Question

Three pieces of cake of weights $4\frac{1}{2}$lbs, $6\frac{3}{4}$lbs and $7\frac{1}{5}$lbs, respectively are to be divided into parts of equal weights. Further, each must be as heavy as possible. If one such part is served to each guest, then what is the maximum number of guests that could be entertained?

• A. $54$
• B. $72$
• C. $20$
• D. $41$

Answer 1

The correct option is D $41$

The pieces of cakes can be simplified as $4\frac{1}{2}=\frac{9}{2}$, $6\frac{3}{4}=\frac{27}{4}$ and $7\frac{1}{5}=\frac{36}{5}$

To get the heaviest piece that each of the cakes can be divided into, we will take their HCF.

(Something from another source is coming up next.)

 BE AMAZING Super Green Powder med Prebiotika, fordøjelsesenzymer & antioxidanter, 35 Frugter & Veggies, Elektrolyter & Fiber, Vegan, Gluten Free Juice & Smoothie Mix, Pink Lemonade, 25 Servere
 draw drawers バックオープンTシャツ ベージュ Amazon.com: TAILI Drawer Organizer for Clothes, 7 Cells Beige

The HCF of 2 fractions is HCF of numerators divided by the LCM of denominators $=\frac{9}{20}$.

Pieces given by first cake $=\frac{9}{2}÷\frac{9}{20}=10$

Pieces given by 2nd cake $=\frac{27}{4}÷\frac{9}{20}=15$

Pieces given by 3rd cake $=\frac{36}{5}÷\frac{9}{20}=16$

Total guests that can be served $=10+15+16=41$.